Jacob Tingen: Again, I see the rationale. I’m not 100% behind. I see that it’s not going to be controversial because most people say, hey, especially if you’re going to be an immigrant here, don’t drink and drive. That makes sense. I would add, though, that, for me, evidence of rehabilitation matters a great deal. People should get second chances, and I think that evidence should be considered. All right, that’s that case.

Jacob Tingen: Let’s look at the other one, which is Matter of Thomas and Matter of Thompson. So, what William Barr did in this case, and this Attorney General opinion is he plucked two cases out that had seemingly similar factual circumstances. Then said, “Oh, look, there’s confusion.” You know, decided, well, we’re going to use this test to analyze things, and pick the harshest version possible. Which, again, not surprising under the current Administration.

Jacob Tingen: So, basically, there’s this phenomenon that exists where, when people get certain criminal convictions, certain criminal convictions under the Immigration and Nationality Act, are viewed more harshly than others. So, the idea is, if, for example, you get convicted of something considered an aggravated felony, you’re not eligible from Relief from Removal, you will be deported. There’s not much you or any other attorney can do, unless you can prove that the government is going to torture you upon your return to your country of origin, then we’re going to deport you. That’s, you know, the consequence of getting an aggravated felony, okay?

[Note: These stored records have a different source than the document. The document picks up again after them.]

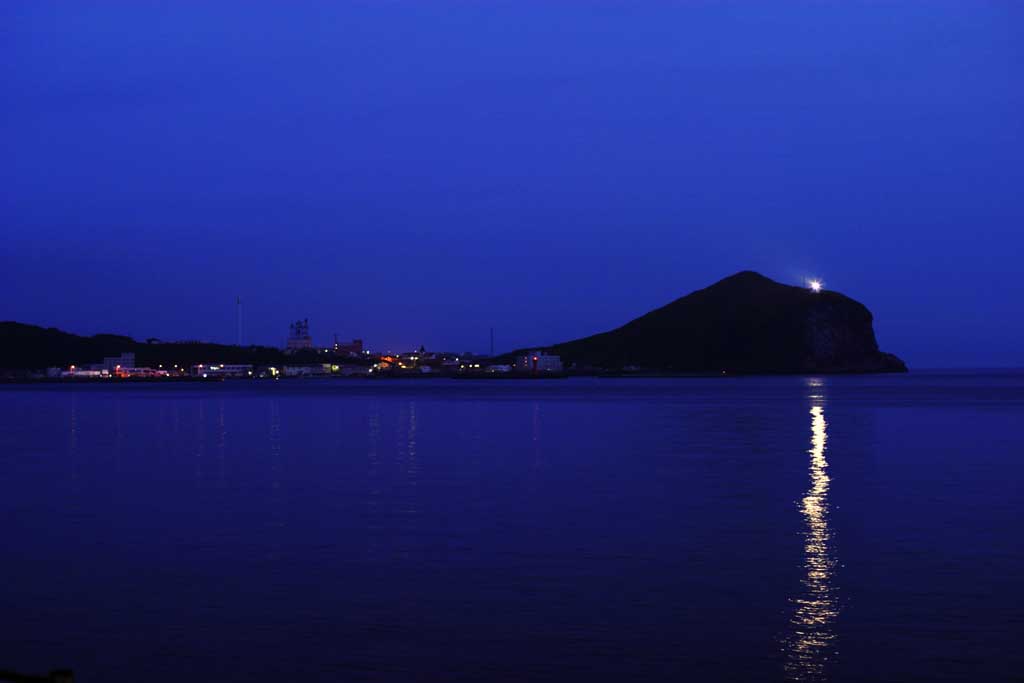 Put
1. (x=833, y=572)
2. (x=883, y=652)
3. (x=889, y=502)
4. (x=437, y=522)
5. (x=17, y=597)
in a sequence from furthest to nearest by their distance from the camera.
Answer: (x=889, y=502)
(x=437, y=522)
(x=833, y=572)
(x=17, y=597)
(x=883, y=652)

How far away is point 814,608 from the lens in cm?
2277

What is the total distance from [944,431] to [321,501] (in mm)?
58889

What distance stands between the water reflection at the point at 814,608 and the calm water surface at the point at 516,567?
82 millimetres

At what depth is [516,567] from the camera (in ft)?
89.9

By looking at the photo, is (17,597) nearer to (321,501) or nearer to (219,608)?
(219,608)

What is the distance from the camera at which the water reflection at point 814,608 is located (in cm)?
1862

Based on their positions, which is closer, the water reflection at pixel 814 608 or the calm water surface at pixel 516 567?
the water reflection at pixel 814 608

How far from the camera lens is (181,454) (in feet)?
213

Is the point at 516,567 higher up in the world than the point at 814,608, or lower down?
higher up

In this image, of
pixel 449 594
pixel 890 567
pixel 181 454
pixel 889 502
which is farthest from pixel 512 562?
pixel 181 454

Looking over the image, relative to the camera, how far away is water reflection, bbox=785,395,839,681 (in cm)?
1862

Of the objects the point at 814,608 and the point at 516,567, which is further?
the point at 516,567

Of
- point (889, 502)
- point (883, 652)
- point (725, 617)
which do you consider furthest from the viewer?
point (889, 502)

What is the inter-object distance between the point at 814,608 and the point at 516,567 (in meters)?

Jacob Tingen: Now, that sounds well and good, we don’t want aggravated felons running around our country, I get that. It’s a whole safety concern. Then, when you look at the actual list of things that can be considered aggravated felonies, it becomes a head scratcher. One of the things that can be considered an aggravated felony, for example, is … The list starts off with rape, and murder. I’m like, “Okay, great. Aggravated felonies, I get it.” Then, later on down the list, it says things like, a theft offense of which the term of imprisonment is more than 1 year. So, that’s shoplifting. Again, not great, but hardly what I would call an aggravated felony. In most states, it’s a misdemeanor charge, and depending on the value of the goods stolen, it’s a minor misdemeanor that could likely be dismissed with community service and those kinds of things.

Jacob Tingen: That’s part of my issue with this case, is that … That’s a good place to start. You’ve got aggravated felonies, and you’ve got a crime that, frankly, at the state level, just isn’t a felony, but could be considered one under the Immigration and Nationality Act. So, sometimes what happens is you’ll get a client who has a criminal charge and conviction, and then you’ll take it to the Immigration Court. At that level, it’s decided that, oh, well, your client has an aggravated felony. You might go back to the state level and say, “Hey, is this what you really intended? Because this is a low level crime, I’m sure you didn’t expect this person to be deported based on such-and-such a crime. Can we modify this sentence somehow?”

Jacob Tingen: This opinion that Attorney General Barr wrote looks at, you know, the state of things among the BIA. He talks about these two different tests that, if the order is modified that the BIA doesn’t consider a modified order, if the state court took a second look at the sentencing and modified it, versus an order that the state court just clarifies. There is a difference there, right? If I’m just modifying the order, then I’m changing it for the immigration benefit. Okay, fine. Or, for the resulting lack of an immigration consequence. If I’m just clarifying and saying, “No, I didn’t mean a year.” Well, then it’s not an aggravated felony at all, and I think that’s good reasoning.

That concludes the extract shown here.